Write out the entries exactly. None of the pictures should appear in the copy.

======== Task inputs ========

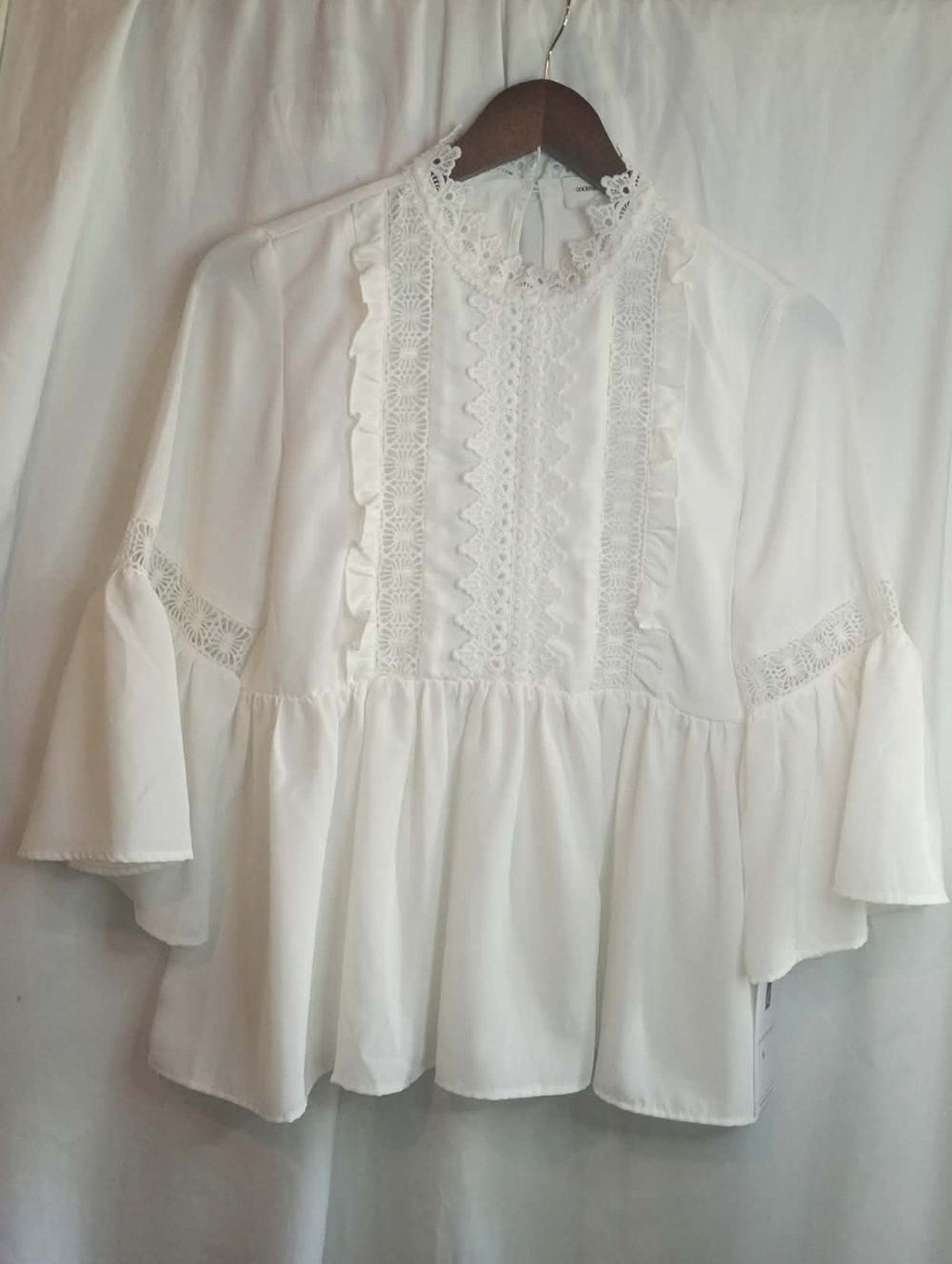 NWT Large Goodnight Macaroon White Scandi Peplum Flowy Boho Shirt Lace Ruffle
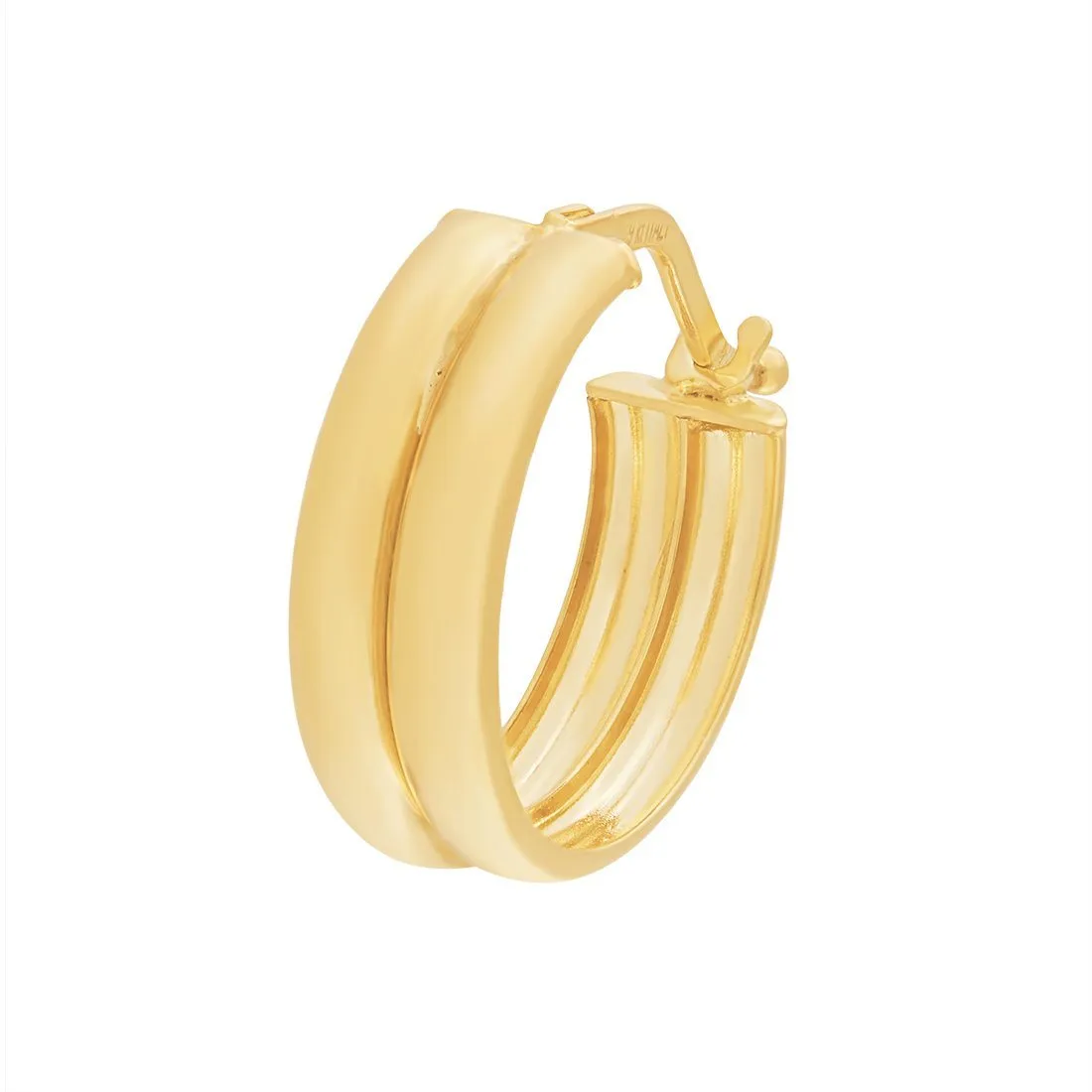 Double Round Hoop Earrings 20mm in 9ct Yellow Gold Silver Infusion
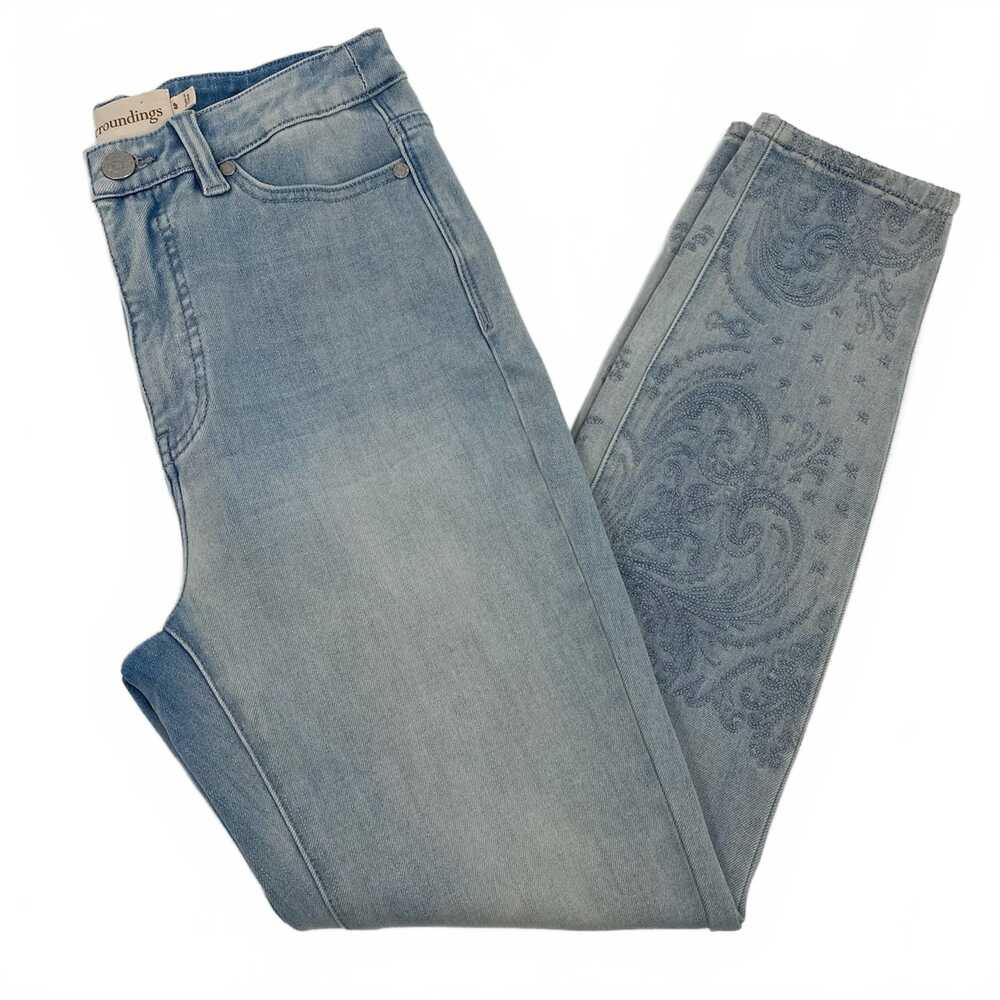 Soft Surroundings Light Wash High Rise Embroidered Leg Jeans | Women’s 6P Petite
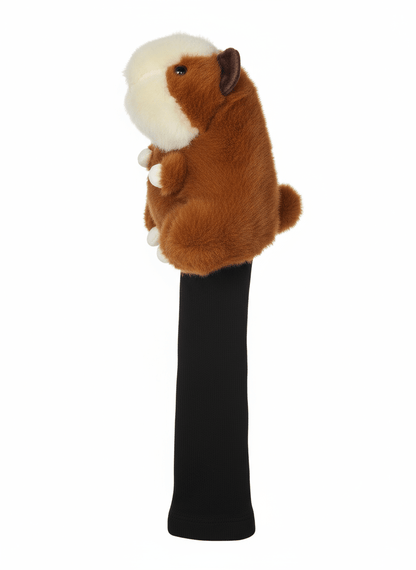 Plush  headcover on a black handle against a white background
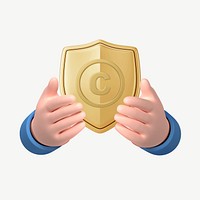 Copyright protection shield, 3D law remix psd
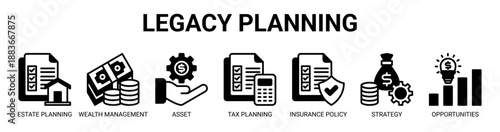 Legacy Planning web banner icon vector illustration concept with icon of estate planning, wealth management, asset management, tax planning, insurance policy, investment strategy, and opportunities.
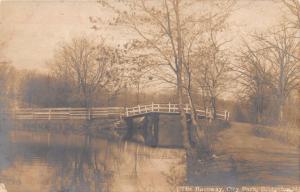 BRIDGETON NEW JERSEY THE RACEWAY CITY PARK BRIDGE REAL PHOTO POSTCARD c1910s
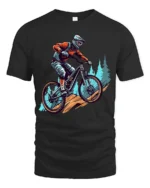 Mountain Bike Rider Graphic T Shirt Outdoor Adventure Style Tee - black t-shirt on white background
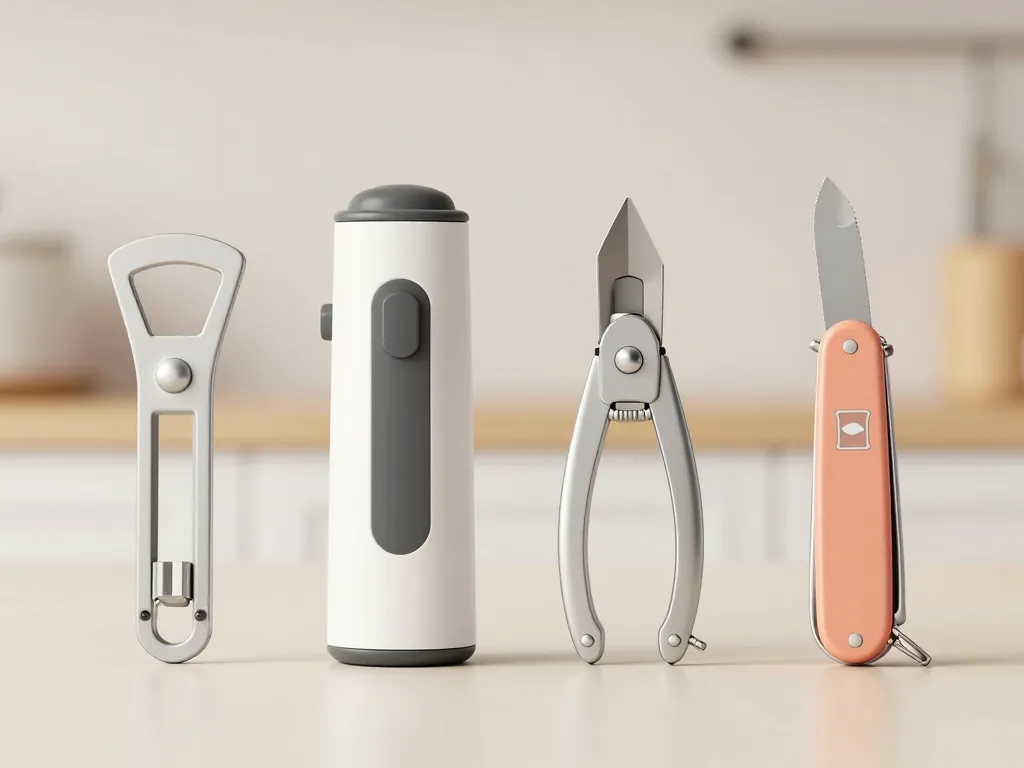 Différents ouvre-boîtes alignés sur une cuisine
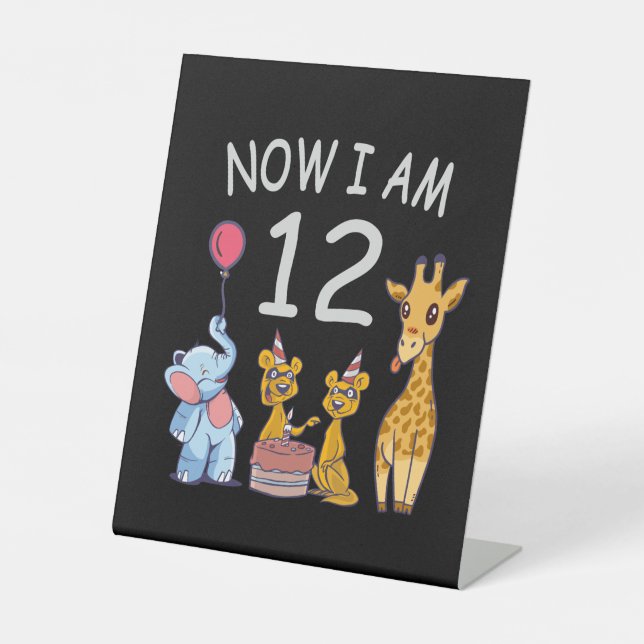 Signe De Table Maintenant, j'ai 12 ans 12e anniversaire au Zoo (Recto)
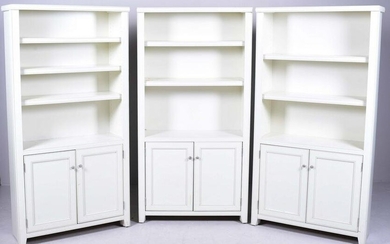 (3) pc Contemporary white painted wall unit/bookcases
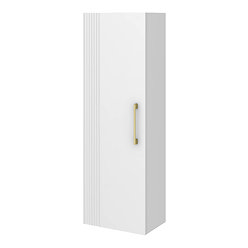 Roxbury Deco Fluted White Wall Hung Tall Storage Cabinet with Brushed Brass Handle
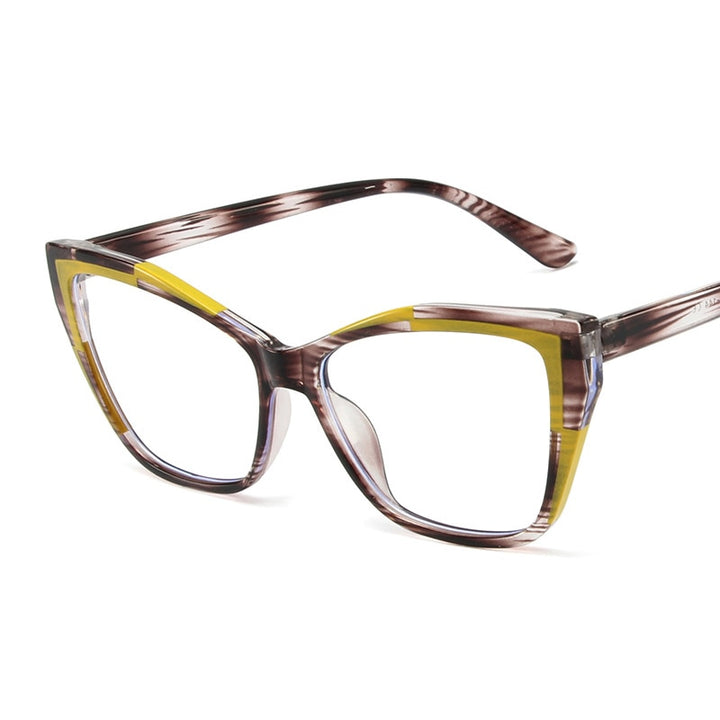 CCspace Women's Full Rim Square Cat Eye Tr 90 Titanium Eyeglasses 55485 Full Rim CCspace China YellowStripe 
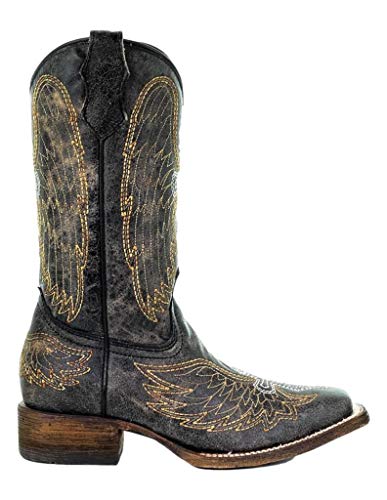 Corral Boots Boy's A1032 (Little Kid/Big Kid) Black/Silver/Gold 4.5 Big Kid M
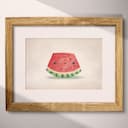 Matted frame view of A cute chibi anime colored pencil illustration, a watermelon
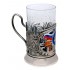 Набор для чая "Атомная энергия" (3 пр.) цветой, деревянный футляр, хруст.стакан, латунь никелированная, термоперенос, ложка-нерж.,термоперенос.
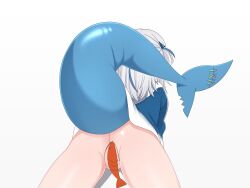 1girl absurdres animal_costume animal_hood ass ass_focus blue_eyes blue_hair blue_hoodie bottomless censored clothes_lift commentary crotch_seam dated_commentary fins fish_tail from_behind gawr_gura gawr_gura_(1st_costume) grey_hair hair_ornament highres hololive hololive_english hood hoodie long_hair mingkozus multicolored_hair shark_costume shark_girl shark_hood shark_tail solo streaked_hair tail two_side_up virtual_youtuber white_background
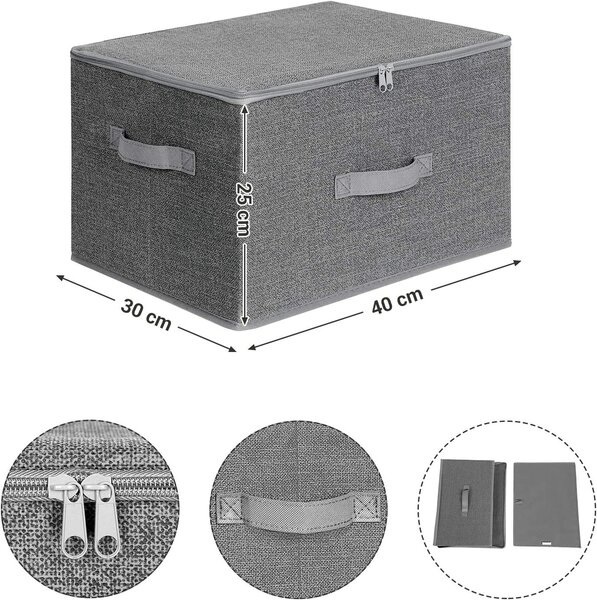 Dekorstudio Sada skladacích organizérov do kúpeľne RYZB03G 3x 40x30x25 cm – sivá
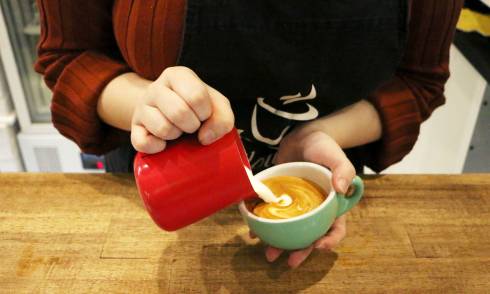 Pouring coffee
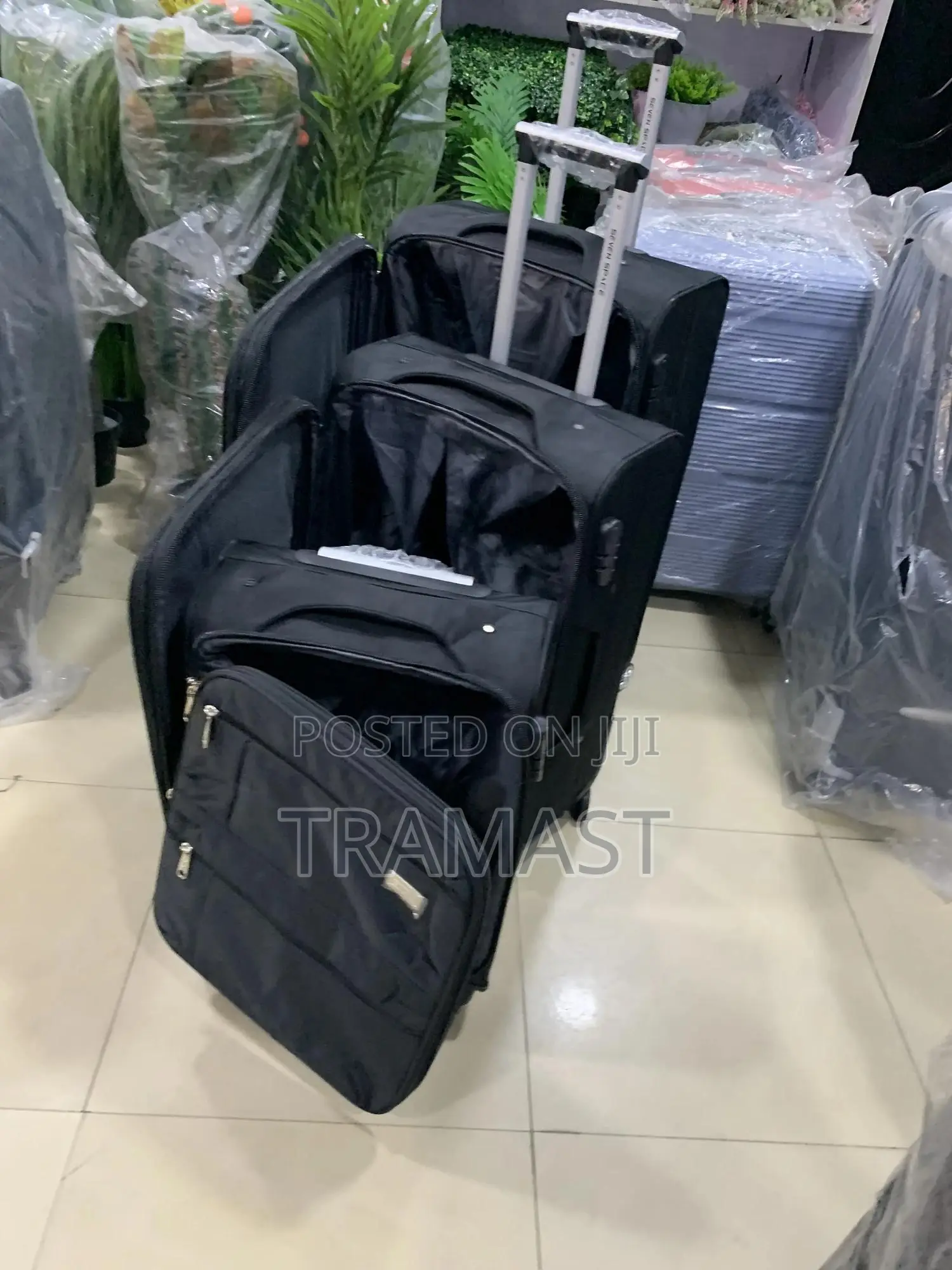 Seven Space Black Travel Luggage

========

Solution to the exercise –
 NWT Large Goodnight Macaroon White Scandi Peplum Flowy Boho Shirt Lace Ruffle
 Double Round Hoop Earrings 20mm in 9ct Yellow Gold Silver Infusion
 Soft Surroundings Light Wash High Rise Embroidered Leg Jeans | Women’s 6P Petite
 Plush  headcover on a black handle against a white background
 Copyright protection shield, 3D law remix psd
 Legacy Planning web banner icon vector illustration concept with icon of estate planning, wealth management, asset management, tax planning, insurance policy, investment strategy, and opportunities.
 BRIDGETON NEW JERSEY THE RACEWAY CITY PARK BRIDGE REAL PHOTO POSTCARD c1910s
 Mountain Bike Rider Graphic T Shirt Outdoor Adventure Style Tee - black t-shirt on white background
 Différents ouvre-boîtes alignés sur une cuisine
 Signe De Table Maintenant, j'ai 12 ans 12e anniversaire au Zoo (Recto)
 (3) pc Contemporary white painted wall unit/bookcases
 Roxbury Deco Fluted White Wall Hung Tall Storage Cabinet with Brushed Brass Handle
 CCspace Women's Full Rim Square Cat Eye Tr 90 Titanium Eyeglasses 55485 Full Rim CCspace China YellowStripe 
 Corral Boots Boy's A1032 (Little Kid/Big Kid) Black/Silver/Gold 4.5 Big Kid M
 Matted frame view of A cute chibi anime colored pencil illustration, a watermelon
 Набор для чая "Атомная энергия" (3 пр.) цветой, деревянный футляр, хруст.стакан, латунь никелированная, термоперенос, ложка-нерж.,термоперенос.
 1girl absurdres animal_costume animal_hood ass ass_focus blue_eyes blue_hair blue_hoodie bottomless censored clothes_lift commentary crotch_seam dated_commentary fins fish_tail from_behind gawr_gura gawr_gura_(1st_costume) grey_hair hair_ornament highres hololive hololive_english hood hoodie long_hair mingkozus multicolored_hair shark_costume shark_girl shark_hood shark_tail solo streaked_hair tail two_side_up virtual_youtuber white_background
 Dekorstudio Sada skladacích organizérov do kúpeľne RYZB03G 3x 40x30x25 cm – sivá
 Pouring coffee
 Seven Space Black Travel Luggage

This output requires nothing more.